Prompt: In the material below, the lines from the one containing "Lady Dior Mini" through the one containing "Live webcam ﻿Tennis Club Nova Gorica" are to be given again exactly, ends included, and no others.

Available data:
════════

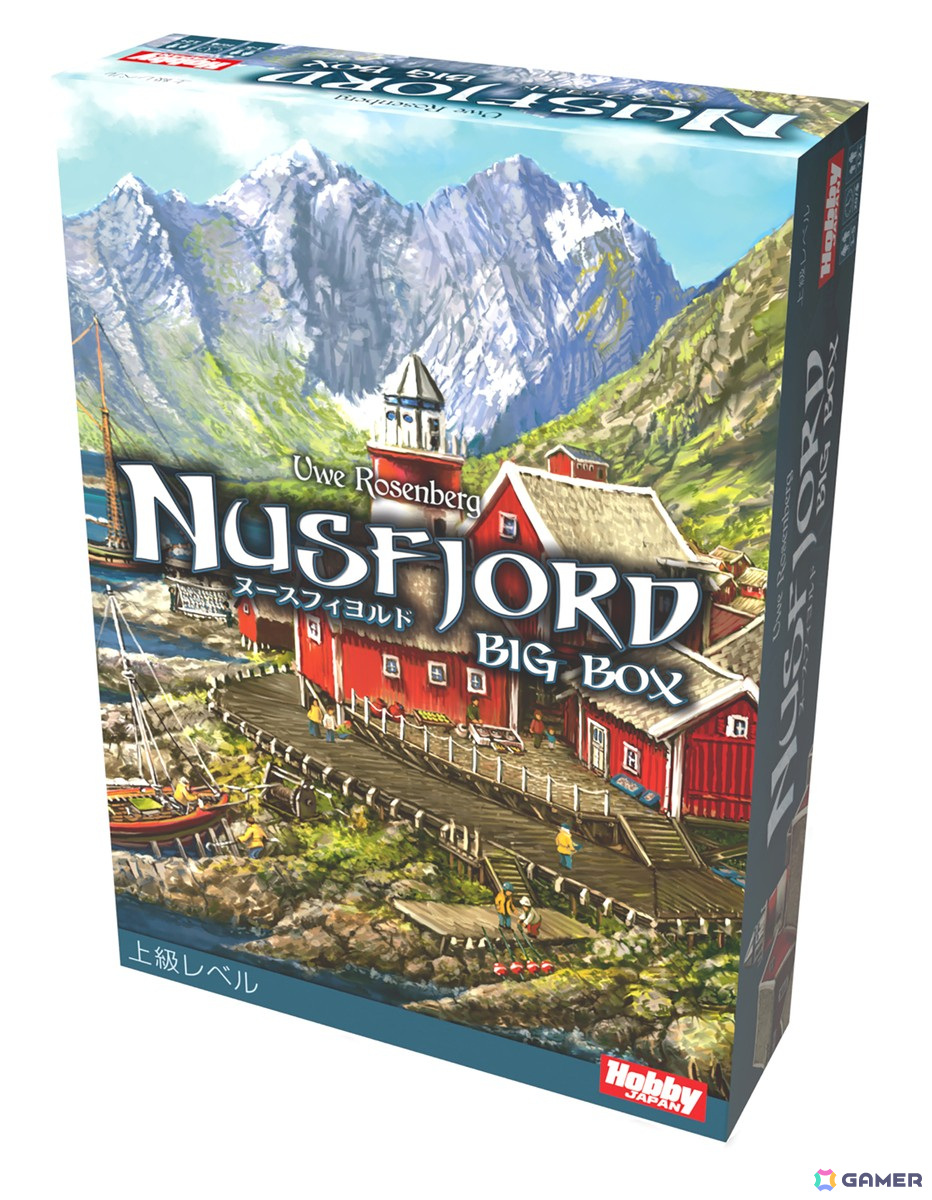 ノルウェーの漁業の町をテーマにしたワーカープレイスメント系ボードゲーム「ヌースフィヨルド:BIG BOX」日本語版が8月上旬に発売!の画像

════════

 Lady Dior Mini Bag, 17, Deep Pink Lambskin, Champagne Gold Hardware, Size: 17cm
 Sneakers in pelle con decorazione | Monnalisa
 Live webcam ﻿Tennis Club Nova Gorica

════════

Exercise answer:
 Lady Dior Mini Bag, 17, Deep Pink Lambskin, Champagne Gold Hardware, Size: 17cm
 Sneakers in pelle con decorazione | Monnalisa
 Live webcam ﻿Tennis Club Nova Gorica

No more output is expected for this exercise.